Par un jugement n° 1403831 du 12 juillet 2016, le tribunal administratif de Nîmes a rejeté cette demande.

Procédure devant la Cour :

Par une requête, enregistrée le 12 septembre 2016, sous le n° 16MA03667, M. D..., représenté par Me C... demande à la Cour :

1°) d'annuler ce jugement du tribunal administratif de Nîmes du 12 juillet 2016 ;

2°) d'annuler l'arrêté du 27 juin 2014 et le décret du 16 mai 2005 ;

3°) de mettre à la charge de l'Etat et de la société Oc'Via la somme de 3 500 euros au titre des dispositions de l'article L. 761-1 du code de justice administrative.

Il soutient que :

- le jugement attaqué est insuffisamment motivé en ce qu'il n'a pas distingué ses demandes ;

- sa motivation est critiquable quand au moyen tiré de la violation de l'article R. 11-10 du code de l'expropriation pour cause d'utilité publique ;

- le tribunal n'a pas répondu au moyen tiré de l'insuffisance de l'évaluation socio-économique ;

- il est taisant quant au moyen tiré de l'erreur manifeste d'appréciation au regard du bilan ;

- l'arrêté contesté a été pris par une personne incompétente ;

- il a omis de mentionner la commune de Nîmes en méconnaissance des dispositions de l'article L. 11-8 du code de l'expropriation pour cause d'utilité publique ;

- l'évaluation socio-économique du projet est insuffisante concernant les modalités de financement de l'opération et son coût réel ;

- le commissaire enquêteur n'a pas examiné les observations de son gérant ;

- l'étude d'impact est insuffisante quant aux mesures compensatrices prévues au II de l'article R. 122-3 du code de l'environnement ;

- l'avis des services des domaines n'a pas été sollicité ;

- il subit des préjudices depuis des années, ainsi que les carences des services de l'Etat et celles de l'autorité expropriante ;

- les articles L. 11-3, L. 13-16, L. 11-1 et L. 11-1-1 du code de l'expropriation pour cause d'utilité publique ont été méconnus dès lors que de nouvelles expropriations sont effectuées au coup par coup ;

- l'article 5 sur les besoins de l'expropriation a été méconnu ;

- l'Etat s'est rendu complice de voies de fait et d'emprises illicites ;

- le bilan de l'utilité publique du projet est négatif.

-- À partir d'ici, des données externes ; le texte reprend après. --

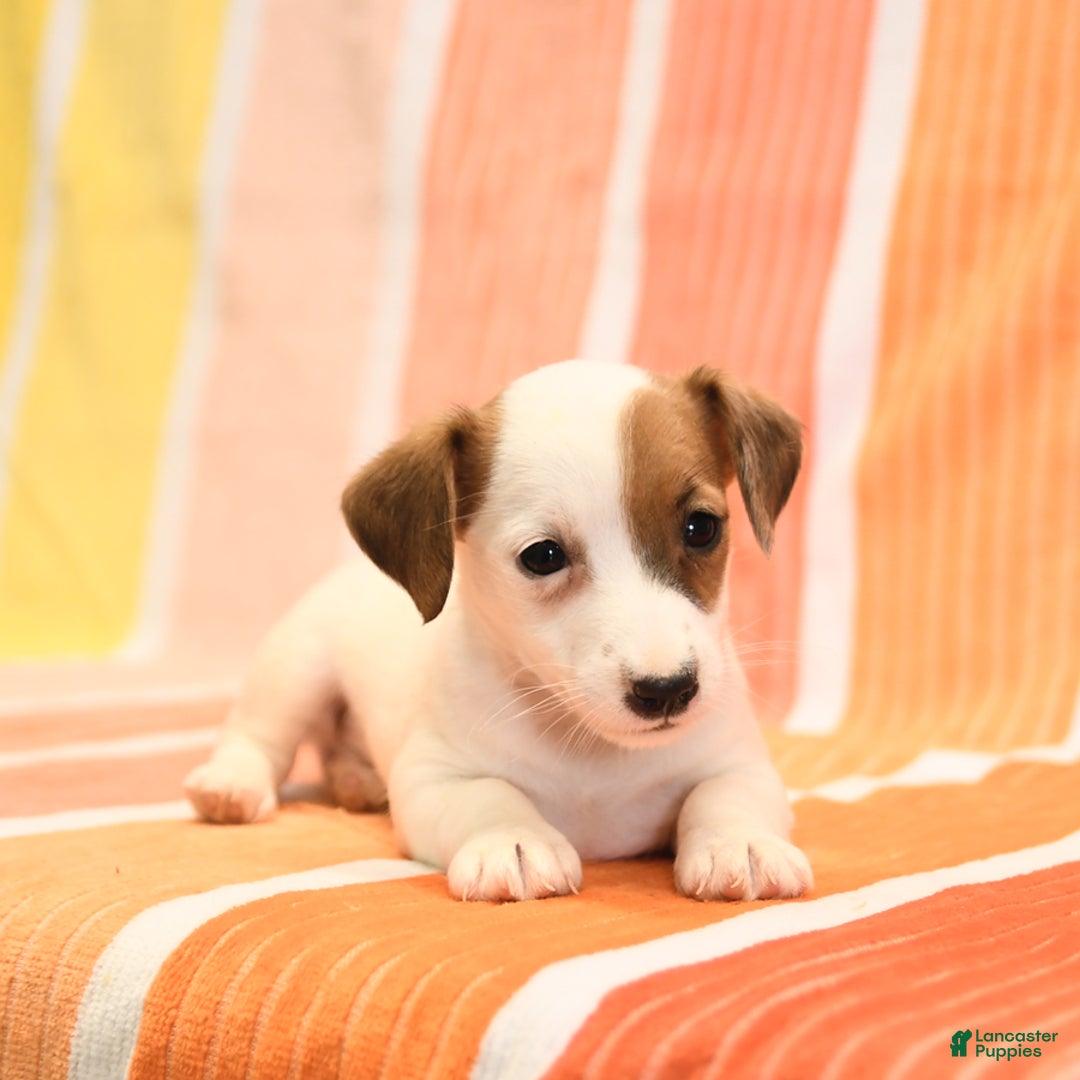 Jack Russell Terrier dogs for sale: Lisa - Image 3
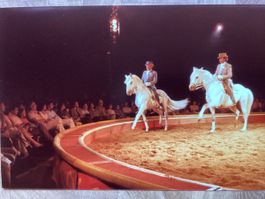 Circus Knie Foto 1984
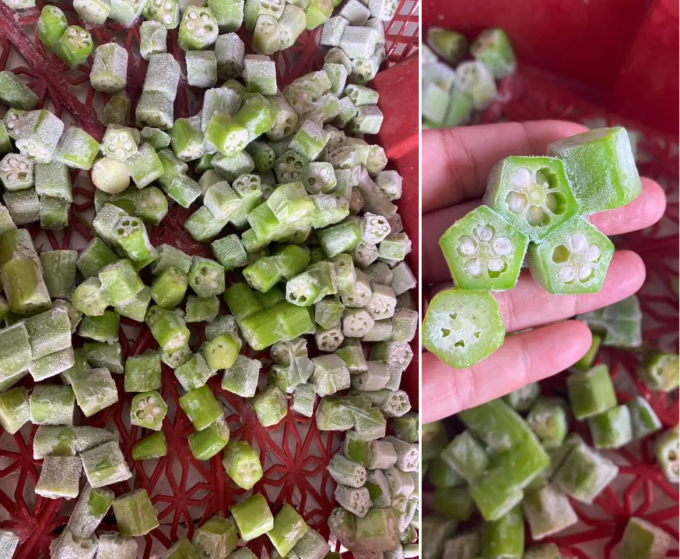 Les doigts de la dame congelée IQF Premium Okra légumes entiers et tranchés pour la cuisson fournisseur de gros du Vietnam 6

Par un mémoire en défense, enregistré le 6 juillet 2017, la société Oc'Via conclut au rejet de la requête et demande à la Cour de mettre à la charge de M. D... la somme de 3 000 euros au titre des dispositions de l'article L. 761-1 du code de justice administrative.

Elle soutient que :

- la requête est irrecevable ;

- les moyens soulevés par M. D... ne sont pas fondés.

Par un mémoire en défense, enregistré le 16 janvier 2018, le ministre de la transition écologique et solidaire conclut au rejet de la requête.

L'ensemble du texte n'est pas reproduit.